##### DATA UNDER STUDY #####

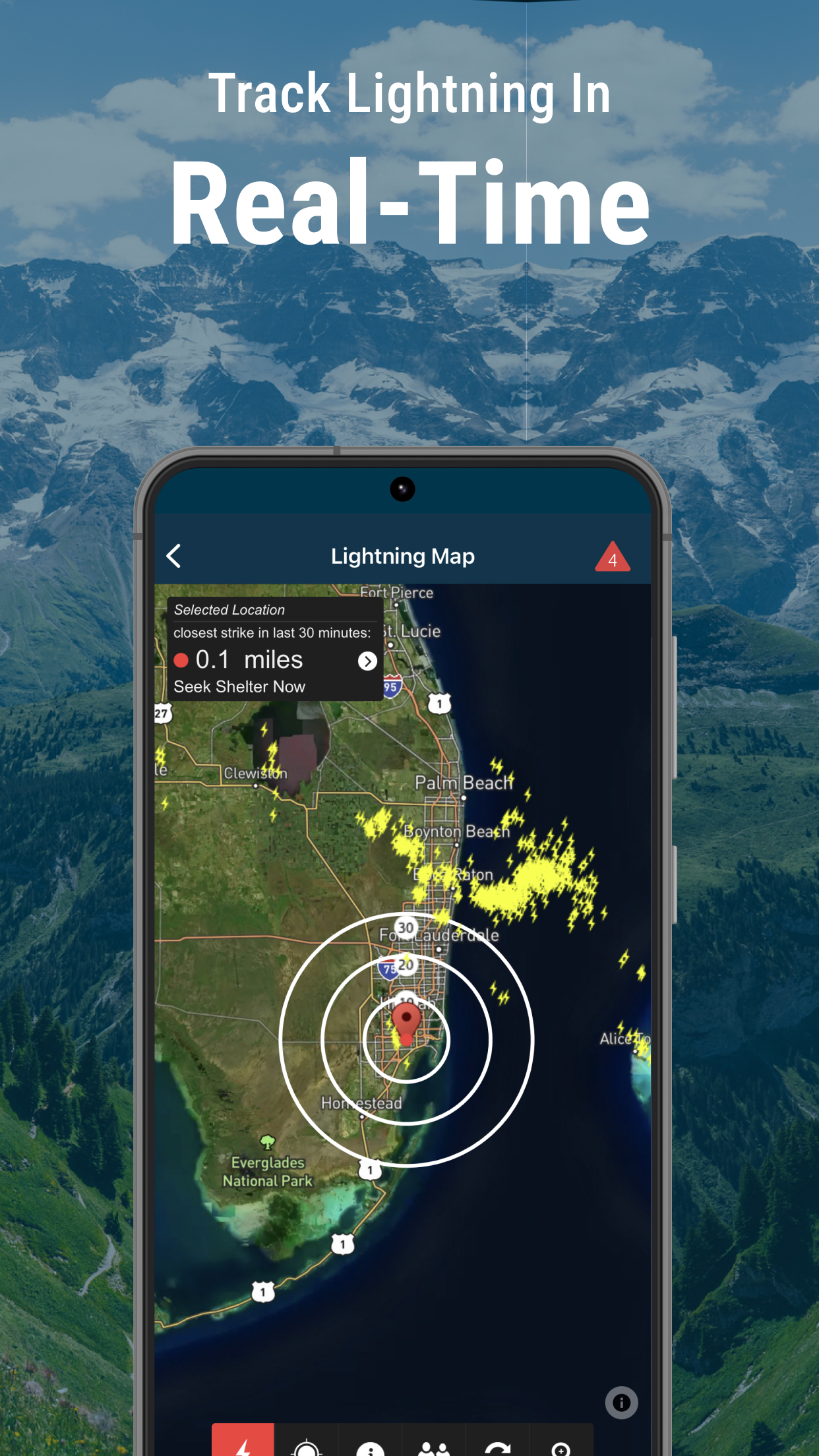اسکرین شات 3 برنامه WeatherBug: Weather Forecast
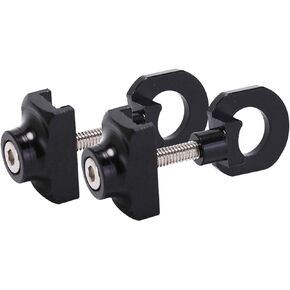EKDJKK Aluminium Alloy Bike Chain Tension Adjusters Tensioners Fasteners Single Speed Adjuster Regulator for Folding Bicycle(2pcs Black)
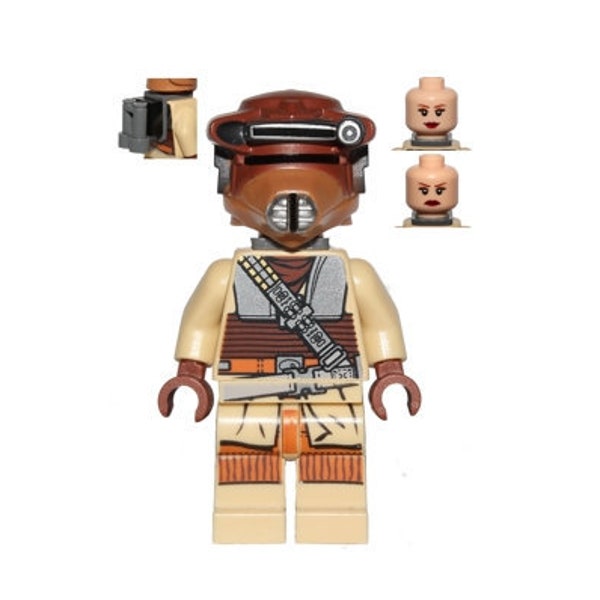 Lego Star Wars MINIFIGURE Princess leia as boushh when at hutt's palace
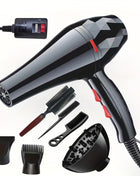 Professional High-Speed Hair Dryer Set - Fast Drying, Low Noise, Advanced Ionic Technology, Multiple Heat Settings, Cool Shot Button, Concentrator Attachment, Suitable for Home Use, Salon-Quality Styling - Riparo82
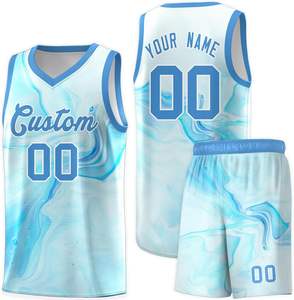 Nouveau maillot de basket-ball d'été basique pour hommes, personnalisé, en maille, avec sublimation et sergé, style Lakers - Product Image 1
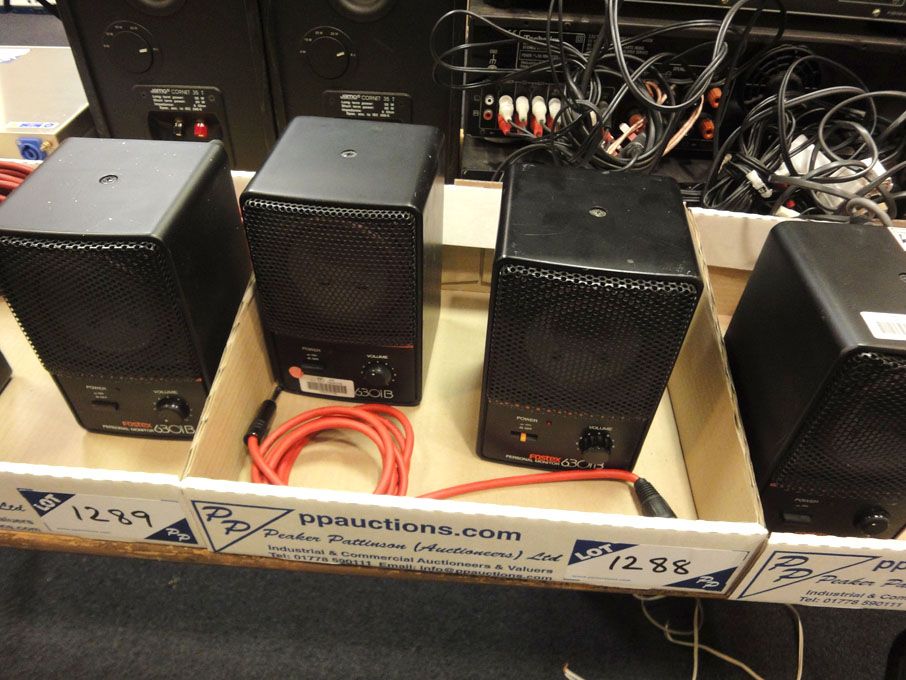 2x Fostex 6301B MK3 personal monitor speakers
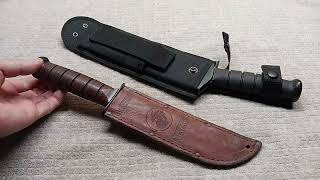 KABAR 칼 리뷰  KABAR USMC amp KABAR Combat Kukri 1280 Cold Steel 칼을 소개합니다 [upl. by Armyn]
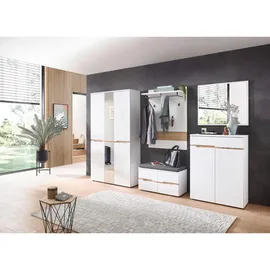 Innostyle Garderobenpaneel Memphis 80 x 118 x 30 cm Weiß, Eiche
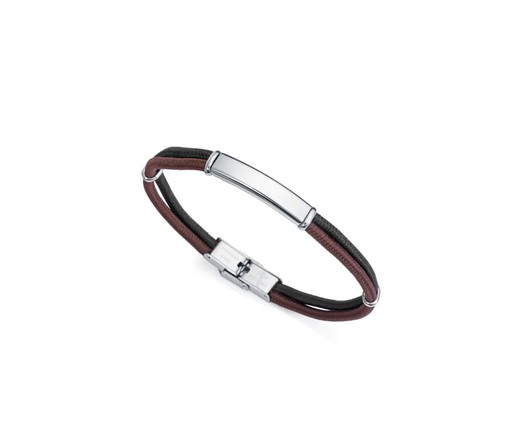 Bracelet et bracelet en nylon marron Viceroy Heat; noir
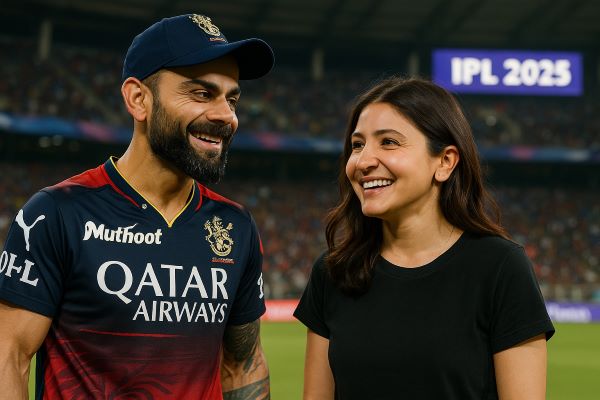 Virat Kohli and Anushka Sharma share emotional hug after IPL win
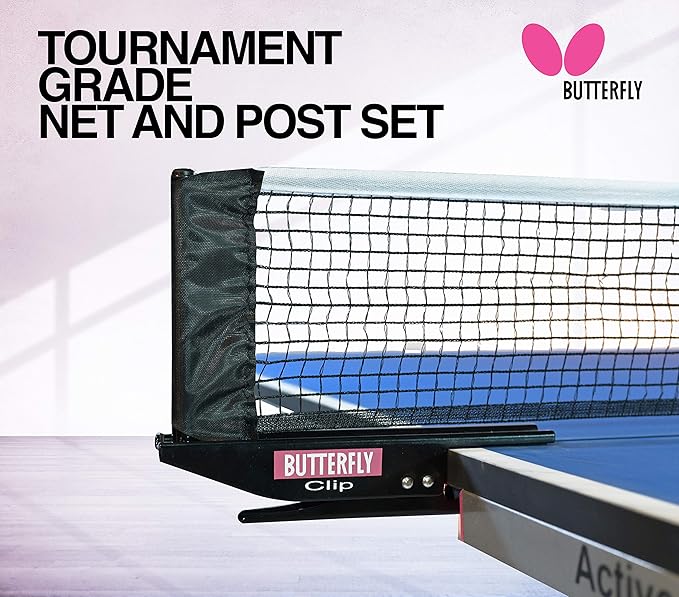Butterfly Active 19 Home Ping Pong Table | Table Tennis Table for Game Room | 10 Minute Easy Assembly Game Table | Foldable Space Saver Ping Pong Table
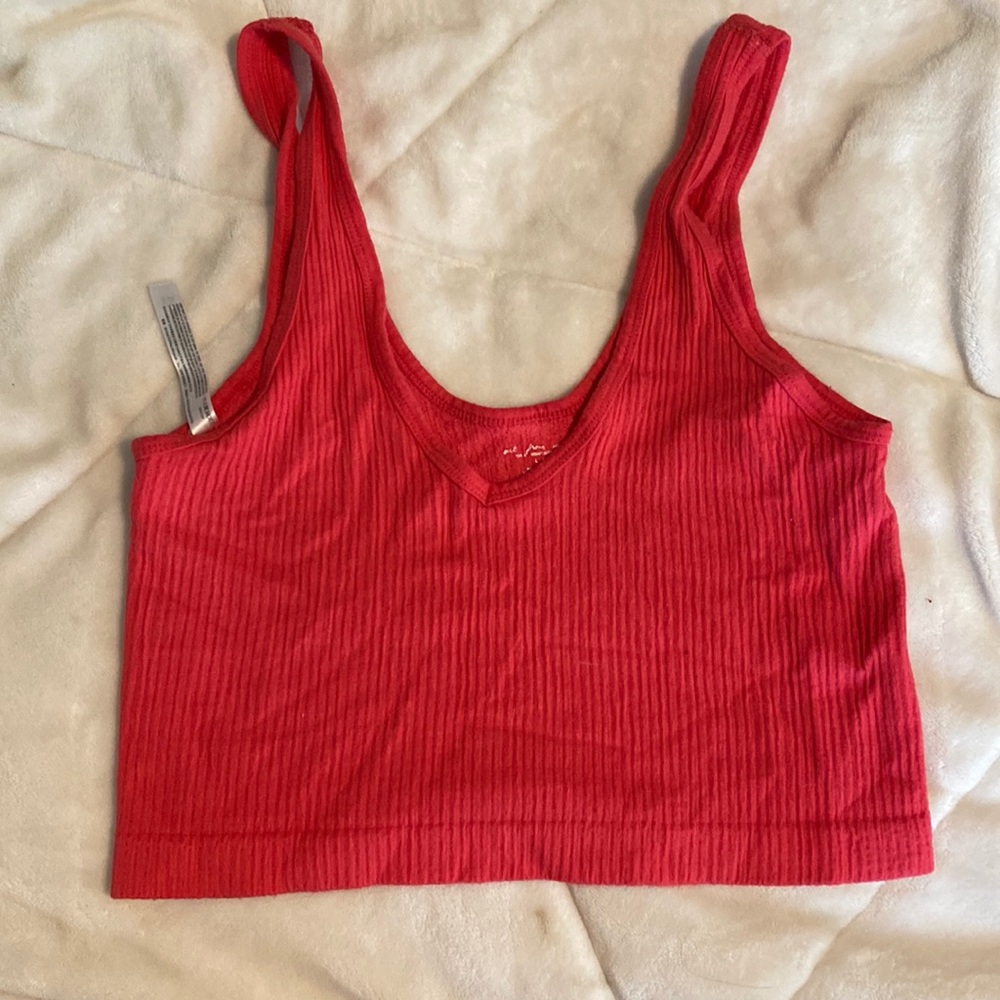 Out from under crop top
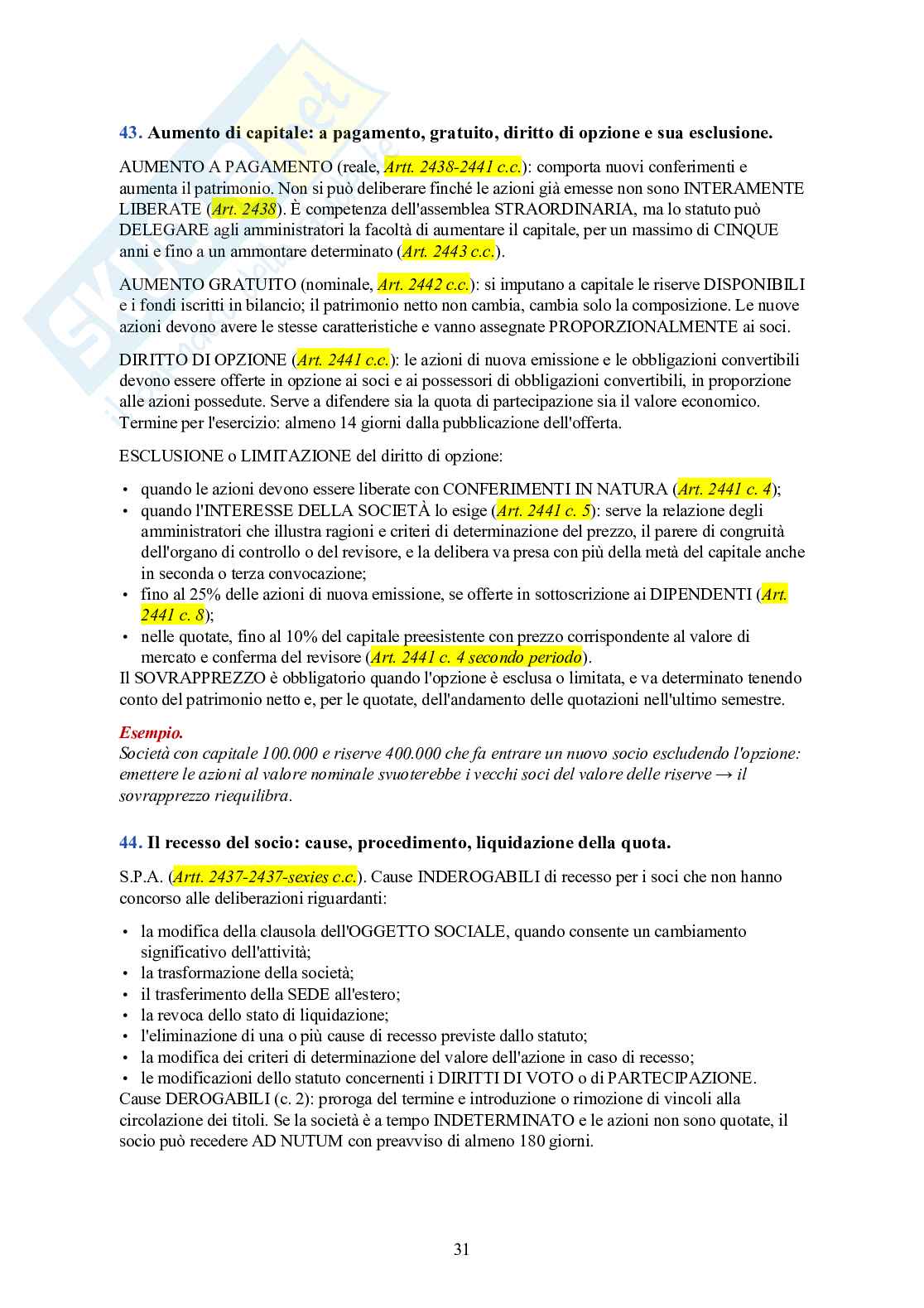 Esame di Stato Commercialista – 100 domande dell'orale con risposta Pag. 31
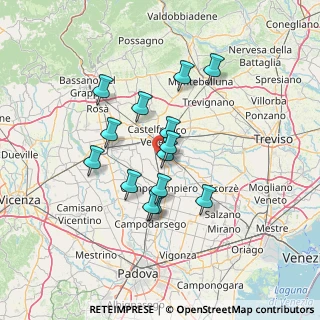 Mappa Via Caravaggio, 31023 Resana TV, Italia (11.26357)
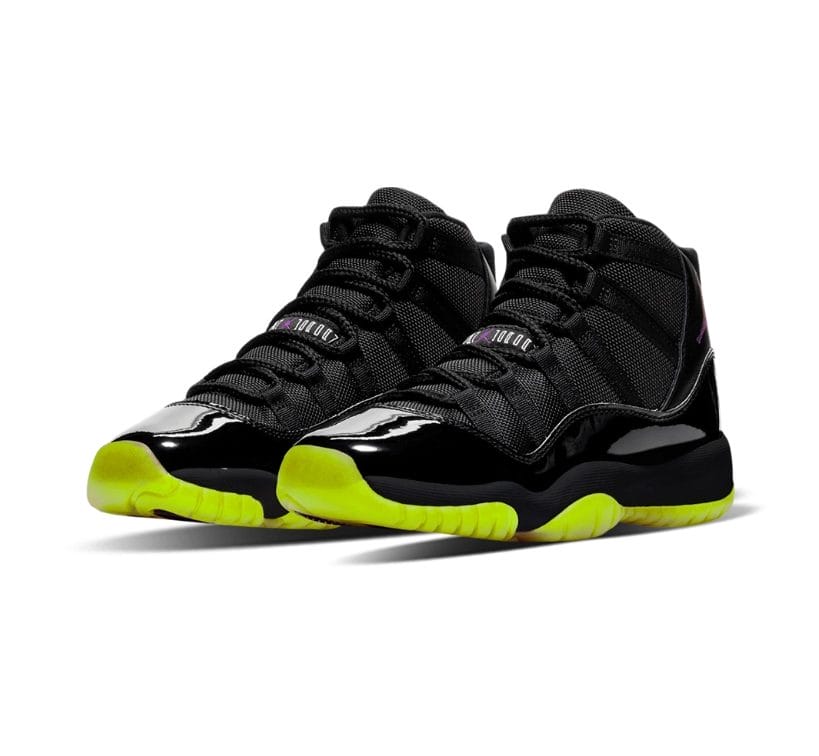 Air Jordan 11 BlackBarely Volt Shoes Sneakers - Image 7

#####

An exact restatement is expected of the lines from the line containing "Virat Kohli and" to the end of the data above, pictures excluded.

**YOUR RESPONSE**:
 Virat Kohli and Anushka Sharma share emotional hug after IPL win
Butterfly Active 19 Home Ping Pong Table | Table Tennis Table for Game Room | 10 Minute Easy Assembly Game Table | Foldable Space Saver Ping Pong Table
 Out from under crop top
 Esame di Stato Commercialista – 100 domande dell'orale con risposta Pag. 31
 Mappa Via Caravaggio, 31023 Resana TV, Italia (11.26357)
 Air Jordan 11 BlackBarely Volt Shoes Sneakers - Image 7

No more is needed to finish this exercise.